Family law has had an exciting decade, with many evolutions in the way lawyers and courts approach divorce and separation. As always, some of these evolutions have been driven by the changing ways that family units operate, and there is often a period where the law has to adapt to social change. With that in mind, here are ten key transformations that have taken place over the last ten years.
1. Collaborative Law
Collaborative Law arrived from the US as an alternative way of resolving issues arising from relationship breakdown. The separated couple and their solicitors sign a participation agreement committing them to avoid court proceedings, after which they attend meetings together to discuss the issues. This keeps everybody focused on negotiating a settlement, and can help to build a better ongoing relationship for the former partners. As a result, they will be much better placed when it comes to attending events such as school prize-giving, university graduations and weddings.
Although not a new way of resolving issues, it has become a mandatory consideration before Court proceedings can be issued. A Mediation Information Meeting (MIAM) provides an opportunity to determine if this is an appropriate way forward for a couple.
3. Maintenance for life
Under English Law, the court can order one party to pay maintenance to the other until one or other of them dies, even if a couple divorces as early as their late 30s. This has given England the nickname of “the divorce capital of the world”. Is this changing? That seems to depend on where in England you live, but there are signs that this is now out of step with the rest of the world and we may see a decline in its future use.
4. Children in the care of their fathers
Many envisaged we would see children spending half of their time with each parent by now but, after some initial progress around 10 years ago, this has not moved forward as much as might have been expected. Although courts are fully focused on it being best for a child to have both parents in their lives, there can still be a tendency to favour the child being based with one parent, albeit with lots of contact with the other.
5. State Benefits
The big change is that Child Tax Credit and Working Tax Credits are to be replaced with Universal Credits. What’s the difference? Well, CTC and WTC were unaffected by maintenance payments, which were traditionally paid from husband to wife.
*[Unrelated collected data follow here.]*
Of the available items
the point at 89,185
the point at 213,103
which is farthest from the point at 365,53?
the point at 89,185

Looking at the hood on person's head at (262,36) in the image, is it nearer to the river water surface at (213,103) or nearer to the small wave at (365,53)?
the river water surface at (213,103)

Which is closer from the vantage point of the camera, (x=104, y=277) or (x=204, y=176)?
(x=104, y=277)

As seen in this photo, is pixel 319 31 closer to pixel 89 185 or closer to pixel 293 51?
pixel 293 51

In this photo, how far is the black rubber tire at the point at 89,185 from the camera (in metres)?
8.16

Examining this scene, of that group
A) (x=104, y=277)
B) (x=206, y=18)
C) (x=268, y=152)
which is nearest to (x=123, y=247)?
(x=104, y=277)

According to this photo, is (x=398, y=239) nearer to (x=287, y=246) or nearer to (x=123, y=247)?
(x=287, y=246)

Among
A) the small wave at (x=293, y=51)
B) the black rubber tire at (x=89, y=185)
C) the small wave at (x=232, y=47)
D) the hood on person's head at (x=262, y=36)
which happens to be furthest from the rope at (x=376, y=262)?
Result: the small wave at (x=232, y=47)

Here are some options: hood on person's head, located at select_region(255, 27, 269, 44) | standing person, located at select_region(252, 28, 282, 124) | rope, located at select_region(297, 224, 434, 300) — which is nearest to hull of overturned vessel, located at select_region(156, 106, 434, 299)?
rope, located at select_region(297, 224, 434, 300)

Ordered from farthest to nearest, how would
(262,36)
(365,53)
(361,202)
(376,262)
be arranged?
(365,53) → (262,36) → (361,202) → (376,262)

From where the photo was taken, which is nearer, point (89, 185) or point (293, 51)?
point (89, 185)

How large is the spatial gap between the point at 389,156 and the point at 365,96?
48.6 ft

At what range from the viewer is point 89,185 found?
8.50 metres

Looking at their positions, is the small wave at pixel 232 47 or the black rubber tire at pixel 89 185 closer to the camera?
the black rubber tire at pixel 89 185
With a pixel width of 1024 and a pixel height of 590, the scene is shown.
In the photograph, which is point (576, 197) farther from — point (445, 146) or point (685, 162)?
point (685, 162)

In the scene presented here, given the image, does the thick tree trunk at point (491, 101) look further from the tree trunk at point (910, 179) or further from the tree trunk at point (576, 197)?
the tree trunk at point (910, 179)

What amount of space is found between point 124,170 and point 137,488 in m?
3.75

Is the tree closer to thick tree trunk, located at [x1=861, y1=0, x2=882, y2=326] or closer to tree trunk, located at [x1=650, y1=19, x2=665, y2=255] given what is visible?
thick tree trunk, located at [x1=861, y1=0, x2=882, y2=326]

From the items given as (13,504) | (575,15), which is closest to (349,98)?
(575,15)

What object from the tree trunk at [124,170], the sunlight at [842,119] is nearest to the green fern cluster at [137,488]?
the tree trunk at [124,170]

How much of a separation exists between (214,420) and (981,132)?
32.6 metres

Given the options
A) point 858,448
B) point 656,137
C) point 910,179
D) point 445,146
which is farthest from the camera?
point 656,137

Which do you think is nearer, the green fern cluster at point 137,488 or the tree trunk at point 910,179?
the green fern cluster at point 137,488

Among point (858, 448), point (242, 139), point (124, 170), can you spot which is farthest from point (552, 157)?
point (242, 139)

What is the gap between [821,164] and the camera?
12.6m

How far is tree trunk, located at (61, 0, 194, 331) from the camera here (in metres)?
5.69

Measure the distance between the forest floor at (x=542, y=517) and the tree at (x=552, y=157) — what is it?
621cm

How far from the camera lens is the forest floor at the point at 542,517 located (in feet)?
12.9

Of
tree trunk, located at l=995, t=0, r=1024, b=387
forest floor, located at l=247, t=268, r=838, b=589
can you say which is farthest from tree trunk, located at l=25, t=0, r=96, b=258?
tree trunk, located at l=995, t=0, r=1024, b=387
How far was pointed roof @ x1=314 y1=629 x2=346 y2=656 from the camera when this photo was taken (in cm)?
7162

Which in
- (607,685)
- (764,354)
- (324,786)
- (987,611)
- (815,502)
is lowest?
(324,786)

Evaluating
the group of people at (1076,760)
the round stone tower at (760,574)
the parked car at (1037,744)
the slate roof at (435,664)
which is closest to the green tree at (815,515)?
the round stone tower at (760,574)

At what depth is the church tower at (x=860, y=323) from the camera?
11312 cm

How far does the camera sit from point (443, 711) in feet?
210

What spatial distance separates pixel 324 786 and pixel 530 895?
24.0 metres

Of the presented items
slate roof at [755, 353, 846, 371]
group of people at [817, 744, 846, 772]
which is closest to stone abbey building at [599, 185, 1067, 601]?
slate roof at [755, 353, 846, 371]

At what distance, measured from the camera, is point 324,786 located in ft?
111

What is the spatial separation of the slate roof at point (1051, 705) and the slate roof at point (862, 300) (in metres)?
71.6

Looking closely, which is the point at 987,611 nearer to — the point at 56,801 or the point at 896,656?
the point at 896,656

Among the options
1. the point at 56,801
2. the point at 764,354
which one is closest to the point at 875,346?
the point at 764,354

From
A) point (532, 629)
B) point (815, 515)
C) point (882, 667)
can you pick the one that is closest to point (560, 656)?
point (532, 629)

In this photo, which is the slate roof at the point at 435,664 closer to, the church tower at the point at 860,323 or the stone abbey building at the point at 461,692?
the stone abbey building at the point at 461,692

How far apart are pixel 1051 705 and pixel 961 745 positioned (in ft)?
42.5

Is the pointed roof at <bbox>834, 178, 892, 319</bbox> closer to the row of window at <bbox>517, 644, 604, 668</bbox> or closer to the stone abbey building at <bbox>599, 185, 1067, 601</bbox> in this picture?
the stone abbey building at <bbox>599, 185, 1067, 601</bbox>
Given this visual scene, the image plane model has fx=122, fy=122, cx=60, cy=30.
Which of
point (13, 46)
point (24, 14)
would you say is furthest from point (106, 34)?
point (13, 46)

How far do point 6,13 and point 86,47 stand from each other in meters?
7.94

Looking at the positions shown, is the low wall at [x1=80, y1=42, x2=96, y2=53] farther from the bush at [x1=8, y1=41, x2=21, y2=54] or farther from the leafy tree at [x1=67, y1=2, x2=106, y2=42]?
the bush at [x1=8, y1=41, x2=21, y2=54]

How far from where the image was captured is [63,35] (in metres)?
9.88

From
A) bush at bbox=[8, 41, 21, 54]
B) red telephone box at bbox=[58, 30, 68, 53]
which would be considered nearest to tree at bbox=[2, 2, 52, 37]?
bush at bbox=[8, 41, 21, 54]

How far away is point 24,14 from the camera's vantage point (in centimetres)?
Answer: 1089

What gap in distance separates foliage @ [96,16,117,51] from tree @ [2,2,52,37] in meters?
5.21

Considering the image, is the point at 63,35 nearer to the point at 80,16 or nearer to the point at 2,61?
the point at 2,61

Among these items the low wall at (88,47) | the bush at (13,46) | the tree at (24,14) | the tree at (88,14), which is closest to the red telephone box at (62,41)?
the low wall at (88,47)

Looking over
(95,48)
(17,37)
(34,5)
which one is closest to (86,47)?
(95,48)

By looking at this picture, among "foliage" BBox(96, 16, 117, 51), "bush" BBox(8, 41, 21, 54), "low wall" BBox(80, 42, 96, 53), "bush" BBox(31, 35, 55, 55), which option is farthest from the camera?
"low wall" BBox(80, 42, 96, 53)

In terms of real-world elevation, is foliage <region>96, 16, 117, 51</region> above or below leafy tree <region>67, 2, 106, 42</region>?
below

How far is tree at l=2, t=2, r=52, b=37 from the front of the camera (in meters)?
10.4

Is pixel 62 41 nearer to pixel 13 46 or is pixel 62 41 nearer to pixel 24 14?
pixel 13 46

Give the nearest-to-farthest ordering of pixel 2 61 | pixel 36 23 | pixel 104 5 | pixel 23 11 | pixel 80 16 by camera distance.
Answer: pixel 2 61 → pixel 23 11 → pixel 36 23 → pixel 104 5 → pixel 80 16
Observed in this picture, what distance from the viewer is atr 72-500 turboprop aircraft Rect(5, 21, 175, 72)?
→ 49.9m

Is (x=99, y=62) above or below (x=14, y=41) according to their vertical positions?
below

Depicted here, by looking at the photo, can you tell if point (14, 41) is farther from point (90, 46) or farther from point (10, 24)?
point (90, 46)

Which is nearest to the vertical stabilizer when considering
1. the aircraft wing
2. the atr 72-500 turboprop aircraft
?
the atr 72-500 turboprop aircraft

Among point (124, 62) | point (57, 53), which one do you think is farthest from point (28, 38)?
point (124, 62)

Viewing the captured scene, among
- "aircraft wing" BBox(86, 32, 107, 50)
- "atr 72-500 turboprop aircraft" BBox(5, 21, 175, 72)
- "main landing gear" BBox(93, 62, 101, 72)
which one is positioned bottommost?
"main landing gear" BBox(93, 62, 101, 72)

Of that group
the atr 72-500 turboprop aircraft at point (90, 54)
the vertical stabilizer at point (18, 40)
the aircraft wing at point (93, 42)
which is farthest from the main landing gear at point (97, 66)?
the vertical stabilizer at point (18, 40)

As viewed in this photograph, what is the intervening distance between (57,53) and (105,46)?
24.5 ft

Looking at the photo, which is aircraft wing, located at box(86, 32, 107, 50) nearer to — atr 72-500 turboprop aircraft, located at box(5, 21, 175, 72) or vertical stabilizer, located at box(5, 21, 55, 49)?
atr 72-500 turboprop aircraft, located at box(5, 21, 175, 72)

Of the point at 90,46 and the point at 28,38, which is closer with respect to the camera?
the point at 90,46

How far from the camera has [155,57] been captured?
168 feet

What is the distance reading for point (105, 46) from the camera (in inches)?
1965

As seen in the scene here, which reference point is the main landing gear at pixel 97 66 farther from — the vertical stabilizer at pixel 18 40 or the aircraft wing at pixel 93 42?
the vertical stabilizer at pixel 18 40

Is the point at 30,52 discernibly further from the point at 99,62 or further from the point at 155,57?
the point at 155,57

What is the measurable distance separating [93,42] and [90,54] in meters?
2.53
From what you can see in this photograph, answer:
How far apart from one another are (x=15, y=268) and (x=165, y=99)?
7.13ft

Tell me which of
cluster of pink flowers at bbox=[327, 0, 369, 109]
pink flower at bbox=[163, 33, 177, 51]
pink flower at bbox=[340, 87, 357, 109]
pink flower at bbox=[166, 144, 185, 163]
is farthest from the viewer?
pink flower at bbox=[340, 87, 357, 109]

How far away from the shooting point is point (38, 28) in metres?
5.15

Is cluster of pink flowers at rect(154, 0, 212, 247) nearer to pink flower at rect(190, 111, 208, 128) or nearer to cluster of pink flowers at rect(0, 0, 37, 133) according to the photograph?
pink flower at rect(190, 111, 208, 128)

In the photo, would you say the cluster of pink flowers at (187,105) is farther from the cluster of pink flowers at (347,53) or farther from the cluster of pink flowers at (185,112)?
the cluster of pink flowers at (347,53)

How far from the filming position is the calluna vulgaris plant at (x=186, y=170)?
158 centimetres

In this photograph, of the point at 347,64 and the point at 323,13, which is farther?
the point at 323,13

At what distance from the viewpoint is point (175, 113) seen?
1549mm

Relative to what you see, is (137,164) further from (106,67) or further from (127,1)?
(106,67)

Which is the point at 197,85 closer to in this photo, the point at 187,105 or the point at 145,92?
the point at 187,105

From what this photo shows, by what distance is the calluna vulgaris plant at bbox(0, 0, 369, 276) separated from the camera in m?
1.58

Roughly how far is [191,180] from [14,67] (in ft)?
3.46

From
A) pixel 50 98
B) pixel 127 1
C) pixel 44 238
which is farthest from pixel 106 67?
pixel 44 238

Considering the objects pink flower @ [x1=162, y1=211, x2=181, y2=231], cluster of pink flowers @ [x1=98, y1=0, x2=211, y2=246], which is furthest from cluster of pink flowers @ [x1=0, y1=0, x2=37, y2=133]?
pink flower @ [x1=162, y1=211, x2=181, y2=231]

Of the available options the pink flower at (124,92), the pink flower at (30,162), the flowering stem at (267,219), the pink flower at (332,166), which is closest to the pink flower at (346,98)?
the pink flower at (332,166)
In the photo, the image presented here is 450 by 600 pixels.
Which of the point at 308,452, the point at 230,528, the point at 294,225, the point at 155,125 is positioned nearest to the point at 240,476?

Now, maintenance will be taken into account for Universal Tax Credits, which are expected to be phased in by 2017. We have yet to learn whether this is a return to the ‘poverty trap’ where the mother is no better off receiving maintenance from the children’s father because of the loss of Universal Credits.
Unfortunately, the time it takes to get from court application to final hearing has got longer and longer. Courts are often snowed under and, if a Court decides that a final hearing is required to decide issues regarding the children, it can be 6 to 8 months before the next available slot.
Contrary to media speculation, not much has changed since the Children Act 1989 gave grandparents the right to apply for contact with their grandchildren. Has it been successful? Sometimes, particularly for grandparents that find themselves in a situation where their own child isn’t seeing their children, perhaps through serious ill health, disinterest or death. In that situation, if the court is supportive of children having contact with that side of the family, the grandparents will often succeed.
The Children and Family Court Advisory and Support Service is the eyes and ears for the Court, and provides detailed information on children to help the Court make the best decision. Traditionally, CAFCASS reports were lengthy, detailed, time consuming and costly. But when the reports became shorter, parents expressed concern that they were based on only a very brief time between the CAFCASS officer and the children.
Nowadays, as soon as an Application is issued CAFCASS carries out a safeguarding report and speaks with both parents. At Court, a CAFCASS officer is present to provide the couple an opportunity to resolve issues before heading further into Court proceedings. If a report is required, it is now carefully considered and extremely helpful in resolving matters (certainly in Hertfordshire), even if it isn’t always what one or other parent would like to read.
Unfortunately, litigation costs continue to rise, which is why SA Law places strong emphasis on considering options in the context of their cost implications before advising the client on an optimal route.
Subject to age and the type of pension scheme, it is now possible to draw out your entire pension scheme, although after the first 25% any further withdrawals are taxed at a person’s marginal rate. How are the Courts going to deal with this? We’re still waiting to see the legal impacts. For example, it may no longer be possible for one person to say they can’t afford a house if there is a pension pot available. Then again, will the Court expect them to take the tax hit of withdrawing the pension money?